§ ACTION ITEM: Retype each line of the material below word for word; pictures stay out.

§ SOURCE MATERIAL:
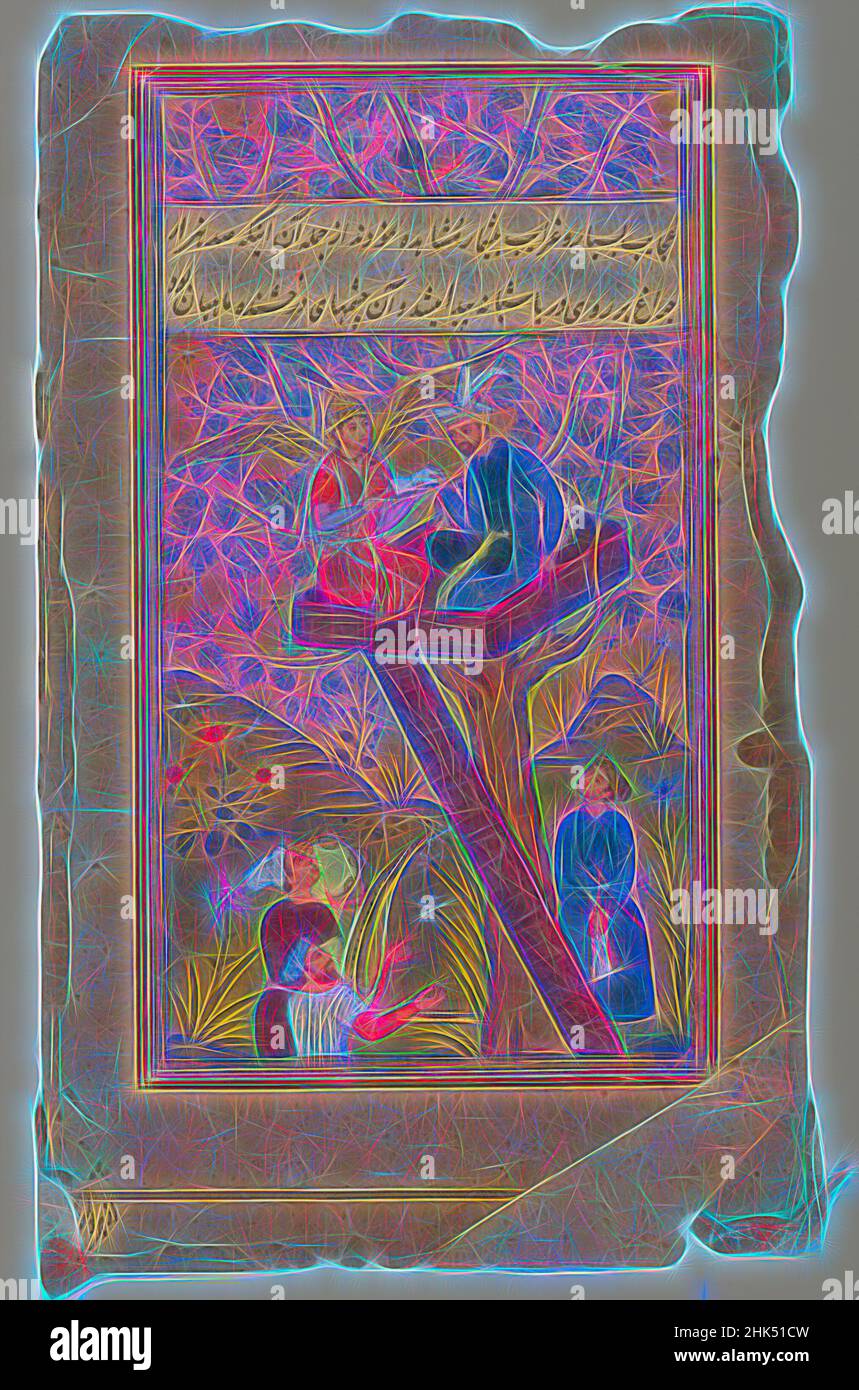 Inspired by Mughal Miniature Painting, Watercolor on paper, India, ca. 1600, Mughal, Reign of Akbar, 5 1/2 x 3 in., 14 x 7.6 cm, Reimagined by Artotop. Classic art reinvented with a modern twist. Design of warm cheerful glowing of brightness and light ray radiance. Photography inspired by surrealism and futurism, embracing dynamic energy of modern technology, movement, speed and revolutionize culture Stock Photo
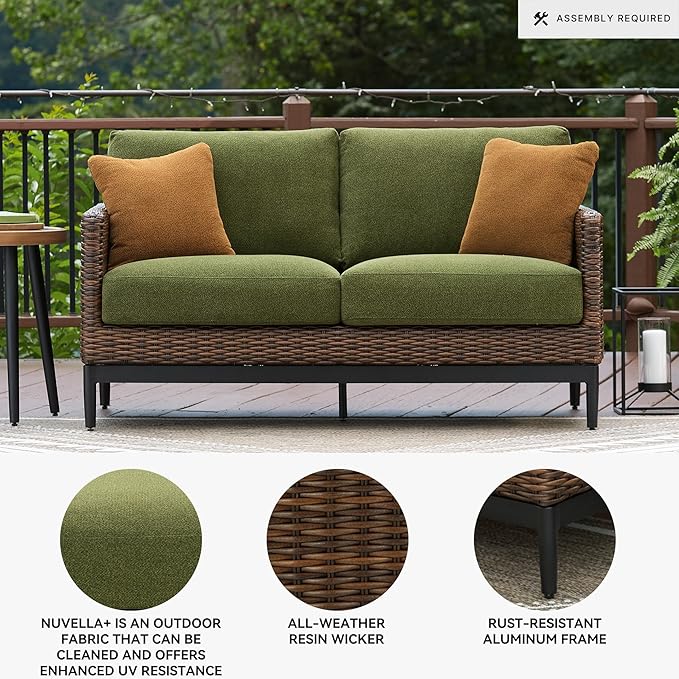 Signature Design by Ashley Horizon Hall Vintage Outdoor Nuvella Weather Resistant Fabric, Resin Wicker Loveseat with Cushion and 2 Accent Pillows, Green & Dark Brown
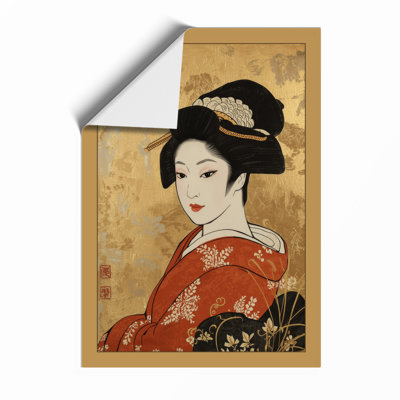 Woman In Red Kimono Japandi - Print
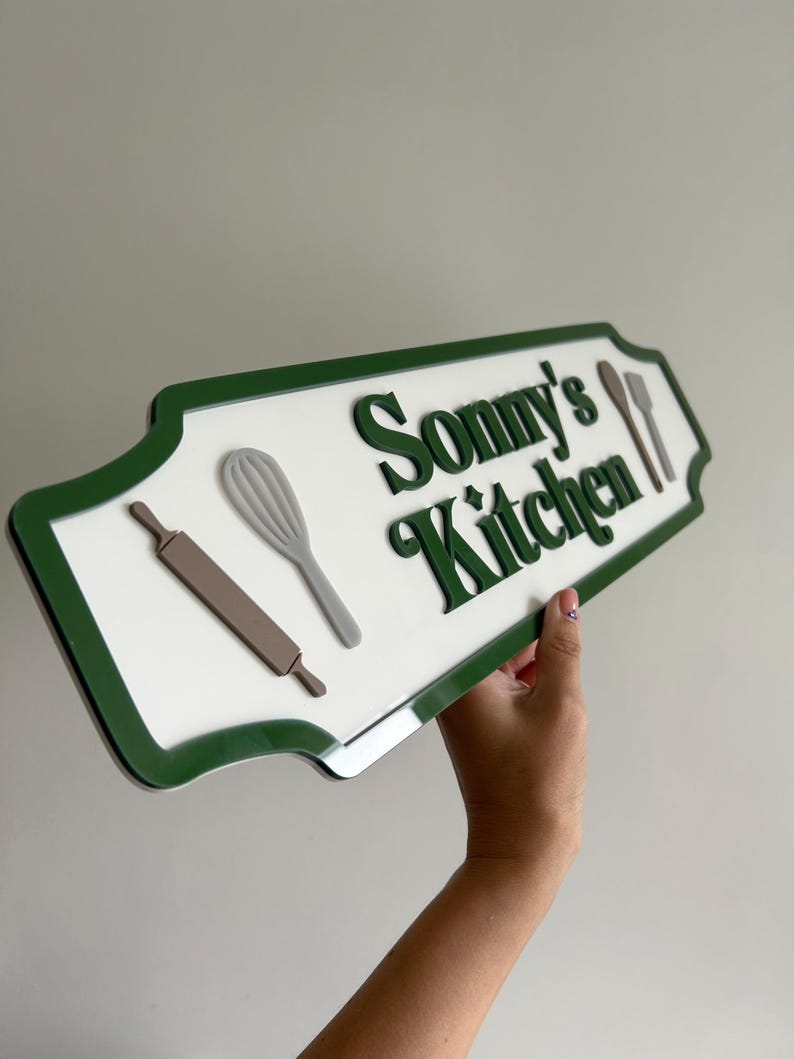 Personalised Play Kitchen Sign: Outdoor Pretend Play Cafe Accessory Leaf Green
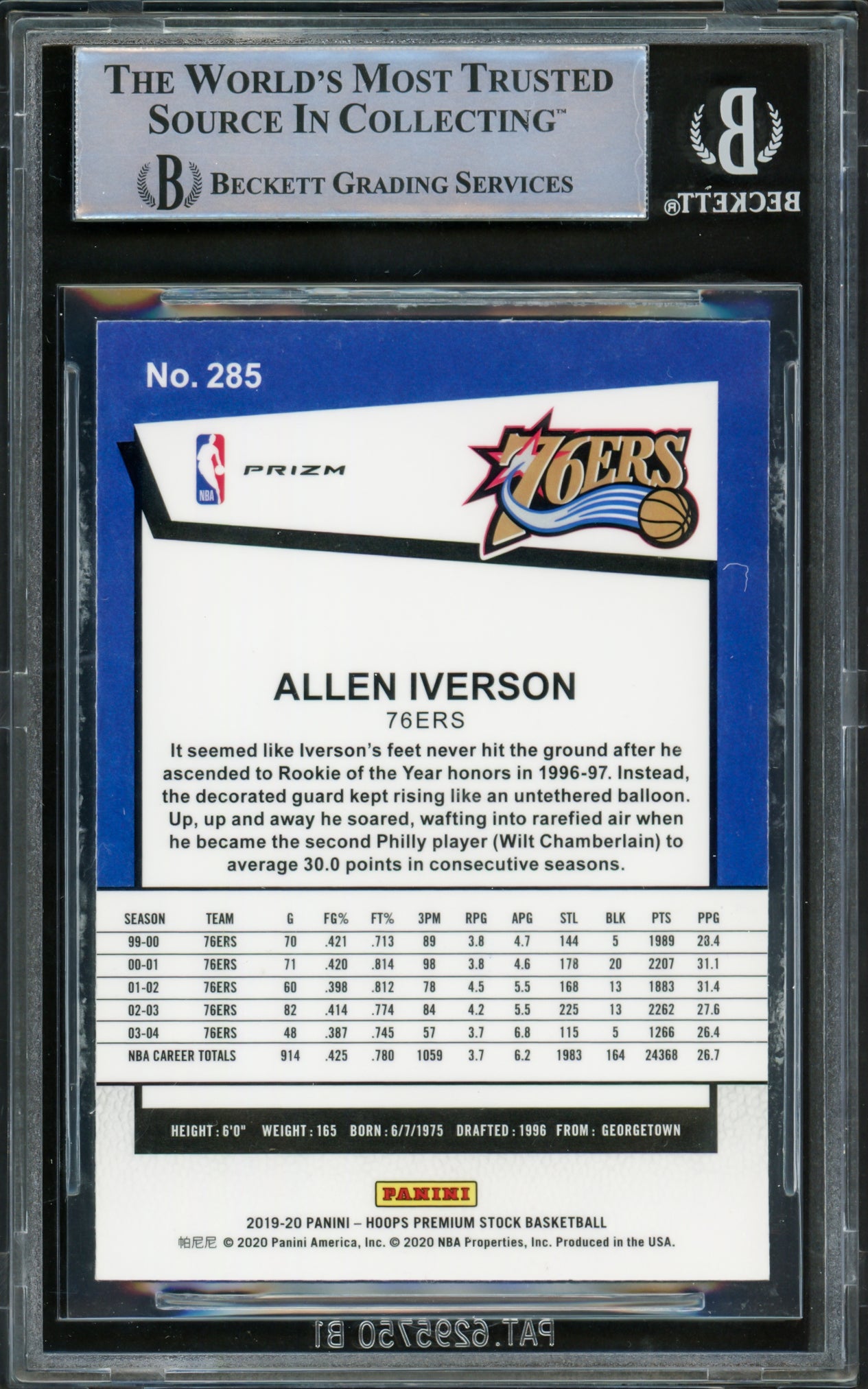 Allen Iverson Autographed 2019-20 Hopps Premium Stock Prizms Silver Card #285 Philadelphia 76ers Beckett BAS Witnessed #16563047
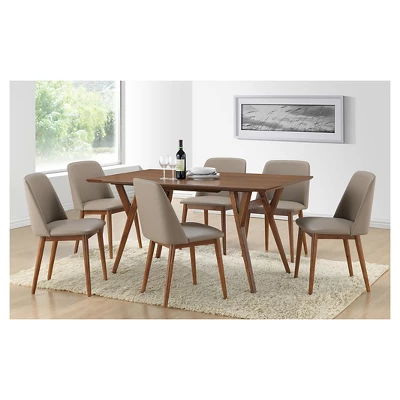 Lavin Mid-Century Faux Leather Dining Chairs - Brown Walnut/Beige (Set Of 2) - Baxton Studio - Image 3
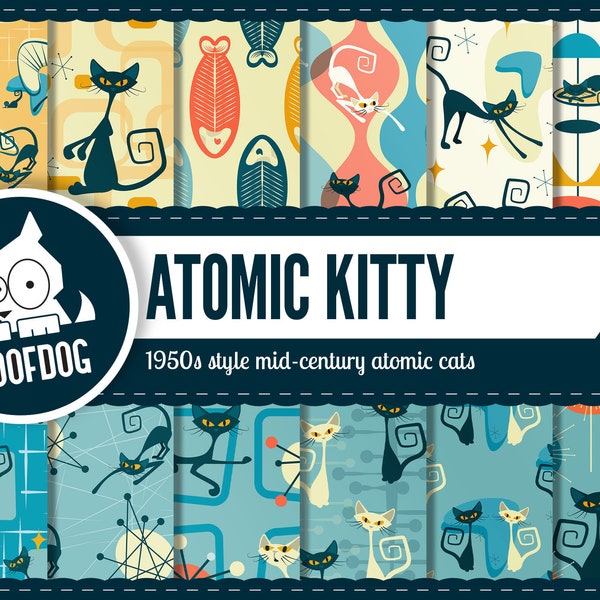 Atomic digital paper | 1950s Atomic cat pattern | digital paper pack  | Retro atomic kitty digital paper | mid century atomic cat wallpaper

§ THE COMPLETED TASK:
 Inspired by Mughal Miniature Painting, Watercolor on paper, India, ca. 1600, Mughal, Reign of Akbar, 5 1/2 x 3 in., 14 x 7.6 cm, Reimagined by Artotop. Classic art reinvented with a modern twist. Design of warm cheerful glowing of brightness and light ray radiance. Photography inspired by surrealism and futurism, embracing dynamic energy of modern technology, movement, speed and revolutionize culture Stock Photo
 Signature Design by Ashley Horizon Hall Vintage Outdoor Nuvella Weather Resistant Fabric, Resin Wicker Loveseat with Cushion and 2 Accent Pillows, Green & Dark Brown
 Woman In Red Kimono Japandi - Print
 Personalised Play Kitchen Sign: Outdoor Pretend Play Cafe Accessory Leaf Green
 Allen Iverson Autographed 2019-20 Hopps Premium Stock Prizms Silver Card #285 Philadelphia 76ers Beckett BAS Witnessed #16563047
 Lavin Mid-Century Faux Leather Dining Chairs - Brown Walnut/Beige (Set Of 2) - Baxton Studio - Image 3
 Atomic digital paper | 1950s Atomic cat pattern | digital paper pack  | Retro atomic kitty digital paper | mid century atomic cat wallpaper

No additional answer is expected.